James Bradley, author of Flags of our Fathers and Flyboys, has written a third book titled The Imperial Cruise: A Secret History of Empire and War. While his two earlier books are about various aspects of World War II, Bradley describes the new book as an exploration of the root causes of the war. In particular, he’s trying to explain where Japanese Imperialism got its start.

It’s a decidedly uneven book: part of it is about a boat trip by William Howard Taft, Alice Roosevelt, and others, to Hawaii, Japan, the Philippines, etc. (that would be the titular cruise); part of it is about Teddy Roosevelt personally; part of it is about Roosevelt’s foreign policy, especially his role as broker and king-maker (er, emperor-maker) in Asia. There is also an element that casts turn-of-the-century racial attitudes as a basis for American foreign policy. And finally, to my ears Bradley treats the entire story as some sort of parable about the recently-concluded Bush Administration.

Brady tells a rather lean story, a simple-tending-toward-simplistic story, portraying Roosevelt as over-privileged and under-informed, the product of an elitist racist subculture, placing him in an environment that saw itself in the context of a broad sweep of Aryan history, moving westward (“following the sun” in Bradley’s phrase), killing and supplanting native populations, etc. He also blames Roosevelt for the rise of Japan as a regional power, and repeatedly states directly that Roosevelt was to blame for World War II.

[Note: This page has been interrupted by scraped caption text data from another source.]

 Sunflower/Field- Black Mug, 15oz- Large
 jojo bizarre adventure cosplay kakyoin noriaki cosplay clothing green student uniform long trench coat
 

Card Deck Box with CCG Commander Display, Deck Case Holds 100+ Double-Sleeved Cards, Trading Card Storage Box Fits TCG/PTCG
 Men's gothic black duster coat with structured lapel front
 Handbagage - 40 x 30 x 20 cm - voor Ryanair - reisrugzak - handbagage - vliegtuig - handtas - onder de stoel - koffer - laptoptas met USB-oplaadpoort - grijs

Of course I’m no historian and can’t say whether when Bradley connects dots with straight lines whether the circumstances warrant such simplicity, but Bradley’s telling to my ears was burdened by of causal holes and lacked context. I’m not the only one: Janet Maslin at the New York Times does a better job of relating Bradley’s story and pointing out some of the problems [link].

I’m more troubled by the American Christianity Bradley portrays. It’s a pre-Prohibition, pre-Scopes American Christianity, and sadly mixed with racial and imperial values that sound jarring today. And it’s worth noting that some of the Christians in question were pre-Modernist-Crisis respectable society types, roughly contemporaries of Fanny Crosby, Ira Sankey, and Dwight L. Moody, making their attitudes sound doubly strange today. Here’s the signature quote, from page 236, from Robert MacArthur, long-time pastor of Calvary Baptist Church, New York City, in a sermon titled “Japan’s Victory — Christianity’s Opportunity,” an apparent commentary on a battle in the 1905 Russo-Japanese War:

The Great Master said, “By their fruits ye shall know them.” Apply that standard, and you will find that the nominally heathen Japan is more Christian than “Holy Russia.”

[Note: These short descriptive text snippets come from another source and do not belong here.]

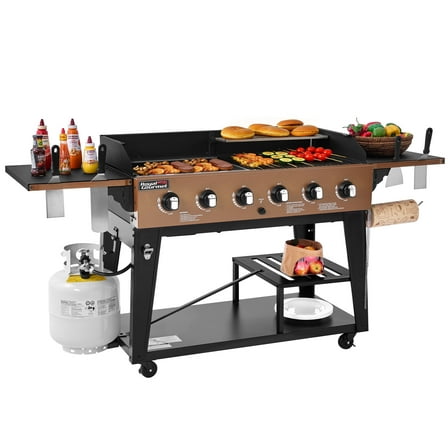Royal Gourmet GD601Y 6-Burner Gas Grill and Griddle Combo, 2-in-1 Large Cooking Capacity Propane Grill & Griddle for Back Yard, Garden, Family Party, BBQ, Yellow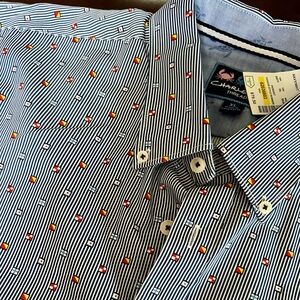 CHARLESTON THREADS Striped Nautical Flag 100% Cotton Button-Down Shirt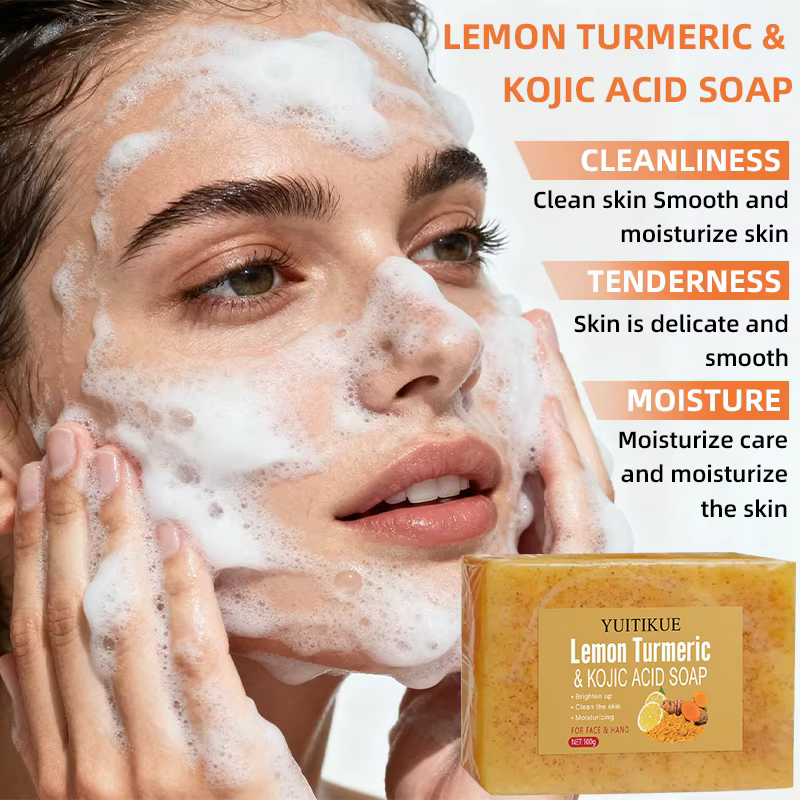 YUITIKUE savon exfoliant au citron et au curcuma illumine la peau hydrate pour le visage et les mains nettoyage en profondeur barre de soin naturelle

The victory of the Japanese is a distinct triumph for Christianity. The new civilization of Japan is largely the result of Christian teaching. A very great proportion of Japan’s leading men to-day, especially those who fight her battles on land and sea, with such skill and valor, profess the Christian faith.

I realize it’s always dangerous to judge one era’s attitudes by those of one’s own, and it’s worthwhile to remember that if “the past is a foreign country and they do things differently there” [link] by the same token our values and attitudes will in some unanticipated way seem strange in the future, but I tend to take MacArthur’s attitude here as a cautionary tale and a warning to be careful when casting the affairs of modern nations (especially one’s own) in religious terms. A Christian should always beware mixing his identity as a Christian with his identity as anything else, or indeed mixing Christianity itself with any other issue, no matter how seemingly sensible. As C. S. Lewis warns, up to and including “spelling reform” [link].